Frannie, striking her best pose for Dad.

We live in a thriving, Mid-western city with much to offer. There is a zoo and a children's museum very close by. We have many memories of going to these places on school field trips and with our families. We can't wait to share these activities with a child. We live in our dream house, a 2-story brick cottage in a wonderful, historic area.

We have a two-year-old, rescue, Beagle named Frannie. She's the only "child" in the house, so we think that she is ready to have some company! She is a very good pet and is safe with children. As a matter of fact, she loves kids. They're more her size!

She has a face that charms all who meet her. Our house is next to a walking/biking trail that we use often. We use the trail to walk Frannie almost daily. The trail is busy with families jogging with their strollers and dogs, too. We can't wait until we can tackle that challenge! Not far along this trail is a family park.

People are there everyday playing volleyball, climbing on the play-gyms, swinging, having a fun time. We have seen families having picnics and have longed for the day that we can do the same.

We rode downtown on the trail with Ed's parents one day last summer and had so much fun! We enjoyed getting back on bikes again. We like to walk or ride our bikes to eat at one of the many great restaurants on nice sunny days. We enjoy the many restaurants with outdoor dining, unique little shops and a dog bakery that we go to throughout the year.

There are several great schools in our area that will provide the best opportunities for your child. One, in particular, is within walking distance and is our first choice for our child's education. Also, our church is just 2 minutes away. We really enjoy this church, and there are MANY kids who go there. We see families there every Sunday with their children and look forward to the day that we can bring our child to church with us. We love the area and can't wait to raise our family here.

Lori: On Ed: I want to share with you some of the qualities that I love about Ed. I could go on for hours. But I'm sure we will talk more when we meet. He is a man of character and integrity. He and his father share many of the same qualities. His father has been a role model for him. He hopes to be a role model to his children, as well.

He has a very big heart. He brings me flowers or my favorite candy "just because". He's the more romantic one. I love to see him with children. When he holds our nephew, or rocks our friend's daughter to sleep, those times just warm my heart. I love to see him playing and cuddling with our dog, it's obvious how much he loves her.
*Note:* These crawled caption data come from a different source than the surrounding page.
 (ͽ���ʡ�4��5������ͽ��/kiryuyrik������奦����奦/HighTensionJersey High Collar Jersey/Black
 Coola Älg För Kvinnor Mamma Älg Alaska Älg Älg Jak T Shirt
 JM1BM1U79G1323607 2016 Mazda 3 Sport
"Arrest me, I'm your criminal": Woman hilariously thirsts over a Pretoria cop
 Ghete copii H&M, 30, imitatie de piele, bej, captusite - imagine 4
He is very giving. He coached kids soccer for several years right out of college and enjoyed it very much. It was rewarding for us in so many ways. I went to many of the practices and all of the games. We both enjoyed being with the kids and helping them learn, as well as sharing the ups and downs with them. Parents would ask which child was ours. We saw many surprised faces when they found out we didn't have a child on the team and he was doing this just for fun. Family is very important to him. One of his favorite memories is making Christmas cookies since he was a child. He has many memories of he and his family icing the cookies at the kitchen table. He made a batch this year for us to give our friends and family. We had so much fun decorating them. We sat at the dining room table carefully icing them, adding details that made each one of them unique. He had to show me how to decorate them just right. Mine were too boring, I guess. Oh, by the way, he's the cook in the family. But I am learning to make some of his favorites that his Mom used to make. Everyone enjoyed looking at them as much as eating them. This will definitely be a Christmas tradition with our family.
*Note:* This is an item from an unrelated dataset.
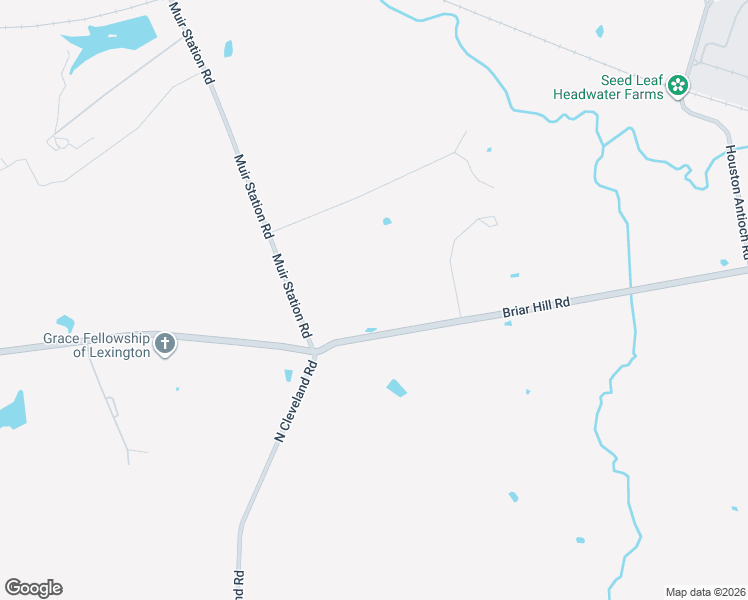 map of restaurants, bars, coffee shops, grocery stores, and more near 4807 Briar Hill Road in Lexington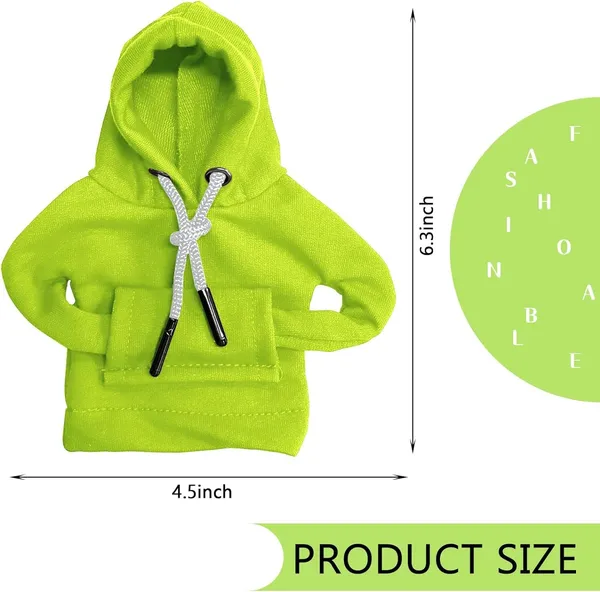 Green_Polyester_Fabric_Gear_Shift_Hoodie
He has a great sense of humor and makes even the most frustrating situation fun. We laugh a lot at ourselves and at each other! We have many "inside" jokes and silly little quirks that wouldn't make sense to anyone else but us. To us, humor makes life a lot more fun! He also has the ability to tell a story like no one else, he expresses such excitement that everyone is drawn in. I wish that I could do the same, so until then I'll let him tell the stories! He's also inherited the ability to fix almost anything, from his Dad. But when he has trouble, Dad is only a phone call away!

My Job: I am a dental hygienist. I love my job for many reasons, but probably the biggest reason is the daily interaction with people. I enjoy helping them and getting to know them. Sharing stories about family, pets and weekend plans. I see kids almost everyday in my job and really enjoy spending time with them. Talking with them about what they did in school that day, what activities they are in and any vacations they have planned really brightens my day! My job is close to home and offers flexibility so that I can be home with our child. It is common in dental hygiene, especially in my office, that the Moms only work part-time so that they can be home with their kids. That is one of the main reasons that I chose this profession. Many of my co-workers have had babies recently, actually seven babies in a year! I am already getting parenting advice.
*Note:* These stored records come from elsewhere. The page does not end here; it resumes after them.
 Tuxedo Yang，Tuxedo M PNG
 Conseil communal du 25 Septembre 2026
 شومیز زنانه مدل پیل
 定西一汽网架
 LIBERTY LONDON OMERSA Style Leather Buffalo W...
Growing up: I am an only child. While growing up, we lived in a small, rural town. I don't think that I appreciated it while living there, but looking back I can see the benefits. Having family close by and having the same friends since kindergarten gave me a lot of stability. I remember having dinner at the kitchen table most every night growing up. That was our time to talk about each other's day and whatever else was going on in our lives. That is one tradition that I want to carry on in my own family. Ed and I are enjoying dinners at our table now, imagining how nice it will be to share this time with our child.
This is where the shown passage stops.